# Can sugar syrup go "bad"?



## Barry Digman (May 21, 2003)

It won't hurt to clean it out. It's just sugar and water, and if the temps and all are right you can have a Petri dish going.


----------



## devdog108 (May 7, 2009)

i changed mine when they stopped taking it and when they re-found it, they went gangbusters....


----------



## Ravenseye (Apr 2, 2006)

Syrup can go bad. Won't hurt to clean and refill. Even the inside of my feeder pails get moldy and need cleaning between refills.


----------



## alpha6 (May 12, 2008)

Adding EO's will keep your sugar syrup from going bad.


----------



## jack Jones (Mar 3, 2009)

Adding 1/4 to 1/2 cup of bleach to each gallon of syrup keeps it fresh in this hot alabama weather.
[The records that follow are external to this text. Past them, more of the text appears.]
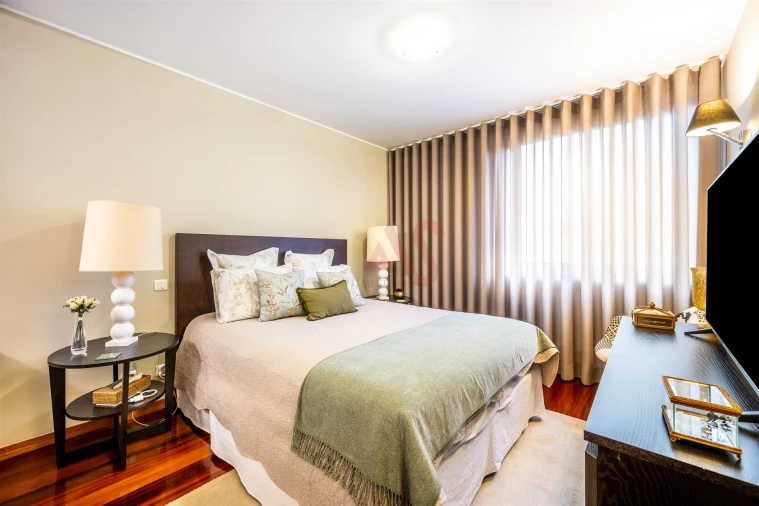Apartamento T4 para Venda em Matosinhos e Leça da Palmeira Foto 23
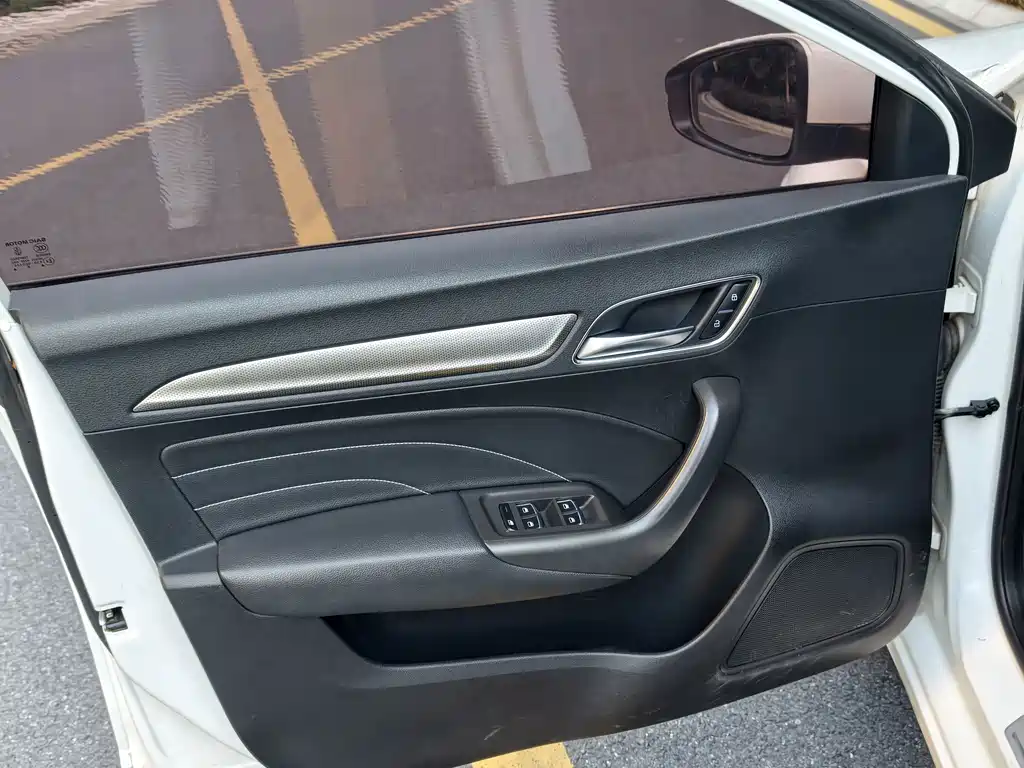 Roewe i6 Classic — миниатюра 10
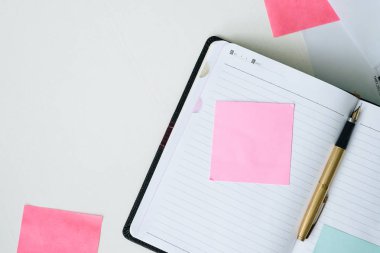 Ana sayfa görünümü açık defter, kalem ve beyaz Resepsiyon arka plan üzerinde post it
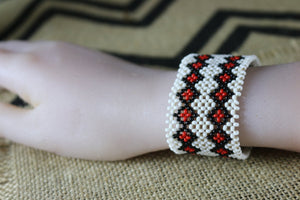 Art# K367  3+  inch. Original Kayapo Traditional Peyote stitch Beaded Bracelet from Brazil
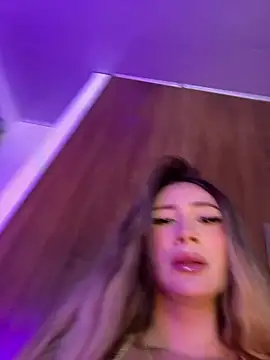 bunny bicht online show from July 28, 2026, 8:52 pm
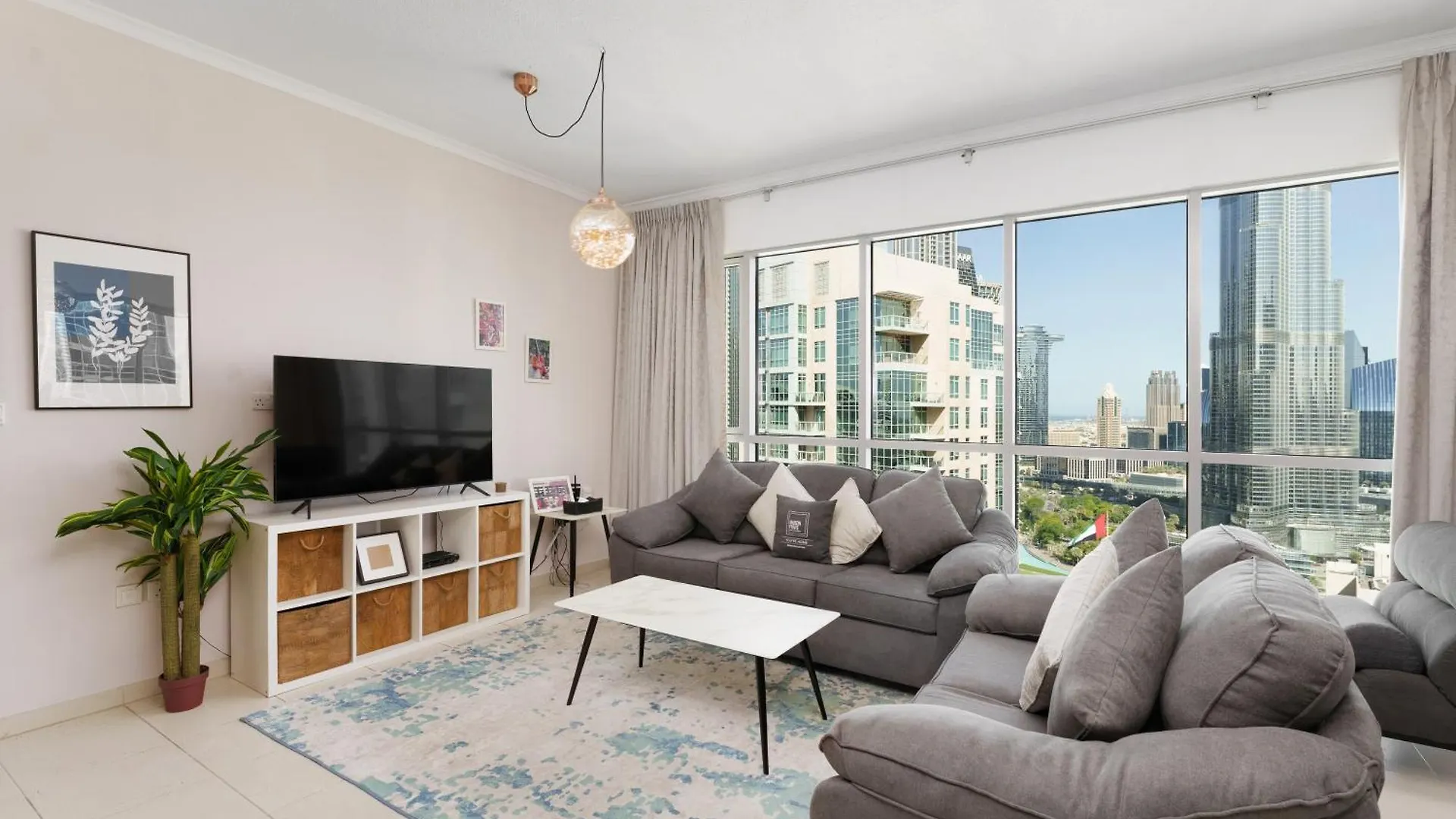 Maison Privee - Exclusive Apt W/ Direct Burj Khalifa Views Apartment Dubai United Arab Emirates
The bleach has no adverse effect on the bees and it changes the smell and appears to reduce robbing of my nucs.


----------



## DiverDog (Apr 22, 2009)

So how long does it take to go bad? Can you see the mold in it or does it look the same? I only have a quart feeder and they take it pretty quick so I dont think it goes bad but I like to make a 1/2 gallon at a time and put the remainder in the fridge. I have been feeding the hummingbirds the syrup too and they seem to love it. Much more action than last year.


----------



## margee14 (Jun 26, 2009)

The syrup looks fine. We always add Honey B Healthy to our syrup mix. I think I will dump out the feeder, rinse it and re-fill. I am on Cape Cod and our weather has been cool and rainy the last two weeks. Today is finally sunny but only 72 degrees.


----------



## Ravenseye (Apr 2, 2006)

If they're using it that fast, making up a little more and keeping it in the fridge will be fine. You probably don't even need it in the fridge. I have about ten gallons just sitting in the barn.


----------